Otto Brusatti: Was waren das für 100 Jahre!

Es war nicht billig, der Zustrom zunächst enden wollend. Nach einigen Monaten scharte sich allerdings schon ein beträchtlicher Teil der Jung-Avantgarde um den strengen Guru. Vor 100 Jahren gründete Arnold Schönberg sein „Seminar für Komposition“. Ein Experiment – und die Folgen.

Die Fakten kommen cool daher. Dann folgt – schon etwas weniger unterkühlt – ein Vergleich mit dem Heute, 100 Jahre und noch etwas weniger später. Wir sind dabei scheu und manchmal verblüfft. Denn nichts hat sich in der diese unsere Welt ja dominierenden Kunst Europas in Ausdruck, Einsatz und Masse so sehr geändert wie Musik in den vergangenen 100 Jahren. Wien, Österreich, Mitteleuropa lagen auf dem Boden. Die Kreativen waren in innerer Emigration oder sowieso gefallen (in einer gegenseitigen, europäischen Abschlachterei) oder bald durch Seuchen hinweggerafft. Kreativität spielte sich, halbwegs offen und erlaubt, hauptsächlich als spätromantischer Konservativismus ab. Innovationen oder gar Entwicklungssprünge vor allem im Musikbereich brodelten sozusagen noch.

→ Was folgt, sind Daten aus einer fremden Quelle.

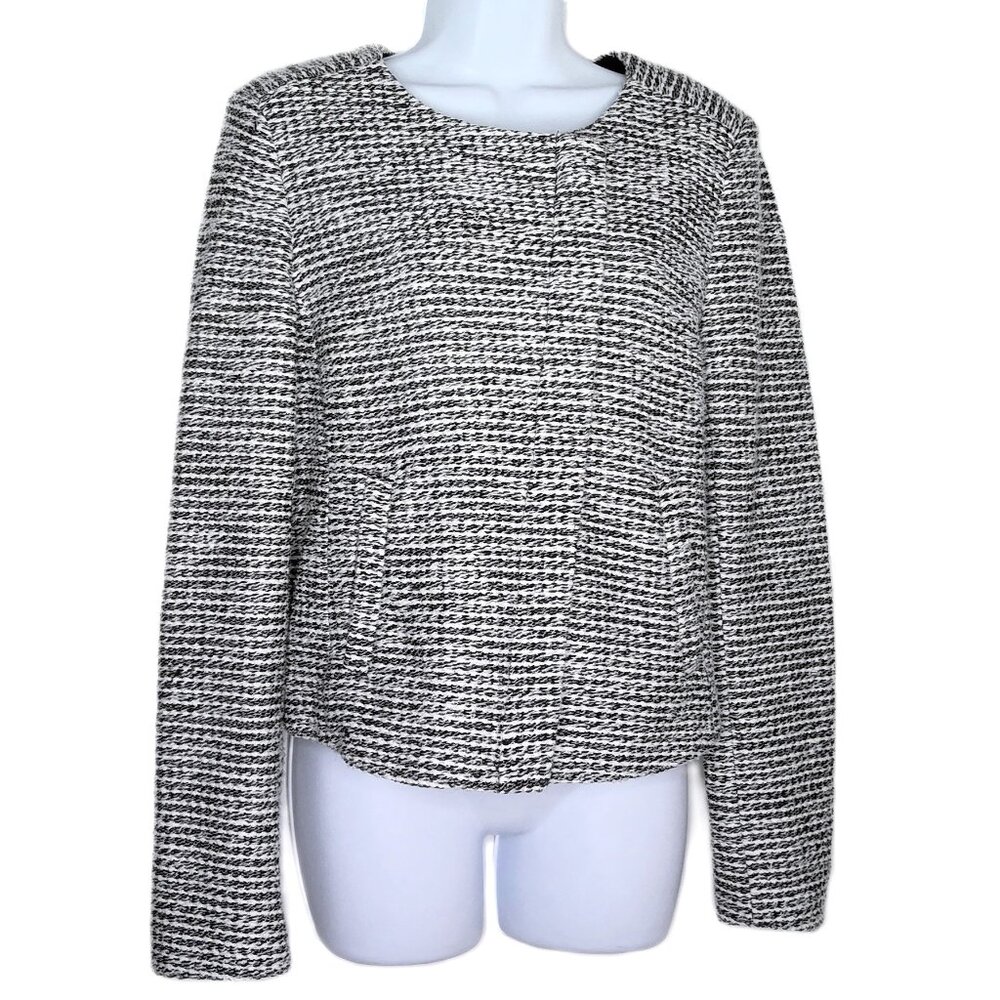 New Loft Black & White Boucle Blazer Jacket Zip Front Pockets Lined Career Sz 8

1. September 1917. Arnold Schönberg, bereits die Nummer eins für total andere Neue Musik in Europa, dafür weiterhin in weiten Publikumskreisen nicht minder verhasst, von vielen Schülern hingegen halbgottgleich verehrt, residiert höchst bescheiden trotz wachsender Familie in Wiener Quartieren, dann, vermittelt durch Sponsorinnen, in Mödling. Er schnürt (nach seiner quasi Freigabe der Tonalität noch vor Kriegsbeginn) abermals ein Innovationspaket. Er, der erst am Ende dieses schrecklichen Jahrzehnts auch als Komponist langsam öffentlich werden wird, der in seiner aber noch kaum bekannten und allerneuesten Musik, etwa „Pierrot lunaire“, Neues in seinem Fach machte, wie das selbst in der damals blühenden und sich zerreißenden bildenden Kunst vergleichslos ist, er machte zunächst eine Einberufung mit Folgen.
Ein Schüler, halbwegs geduldeter Freund und Komponist an der Schwelle des „Wozzeck“ (eines der zehn wichtigsten Werke des 20. Jahrhunderts generell) hatte mitzumachen. Alban Berg assistierte dem Lehrer beim Installieren eines „Seminars für Komposition“. Ort: die legendäre Schwarzwaldschule in der Wallnerstraße; Aufnahmebedingungen: „Neigung . . . so dass jeder, Reicher oder Armer, Künstler oder Dilettant, Vorgeschrittener oder Anfänger, daran teilnehmen kann“; „beständiger, zwangloser Verkehr zwischen mir und meinen Schülern, sie sollen dort so sein wie Maler-Schüler einstens in den Maler-Ateliers“. Es war nicht billig, der Zustrom zunächst endenwollend. Nach einigen Monaten scharte sich freilich schon ein beträchtlicher Teil der heranwachsenden Jungavantgarde um den strengen, oft auch nicht angenehmen Guru. Man probierte neue Wege zur Vermittlung von Neuer Musik durch öffentliche Proben, die – noch in den letzten Kriegsmonaten – betriebene Edition einer Avantgardemusikzeitschrift oder, mit Schiele kurz vor dessen Tod, die Gründung einer interdisziplinären Arbeitsgemeinschaft „Kunsthalle“. Selbst die (vergebliche) Installierung eines „Kunstamtes“ sofort nach Kriegsende, auch Adolf Loos war da führend, wurde von Schönberg, den man kurz vor diesem Ende noch einmal eingezogen hatte, erwogen.
Was dann aus diesen quasi Trainigsläufen, die zumindest die musikalische Nachwuchsjugend irgendwie trotz Weltkriegsendes geformt und gesammelt hatten, herauskam, das war der legendäre und bis heute in seiner Besonderheit, ja künstlerisch-vermittelnden Außergewöhnlichkeit unerreicht gebliebene „Verein für musikalische Privataufführungen“. Man lasse sich von dem Titel nicht täuschen. Es war kein Verein im herkömmlichen Sinn. Es ging nicht um musikalische Aufführungen herkömmlicher Art. Es herrschte ein strenges Regelwerk mit Arbeitsauflagen, das weit über ein sonst übliches Vereinswesen Vorschriften machte. Schönberg war selbstverständlich der Boss. Berg gab den Vortragsmeister trotz seiner eigenen Kompositionsarbeiten. Die Liste der Mitarbeiter in den nächsten drei Jahren liest sich wie ein Who's who der eifrig-feurigen Kriegsgeneration (von Eduard Steuermann bis Anton Webern). Diejenige der im Verein angebotenen Komponisten liest sich wie ein Who's who für wichtige Neue Musik des beginnenden 20. Jahrhunderts.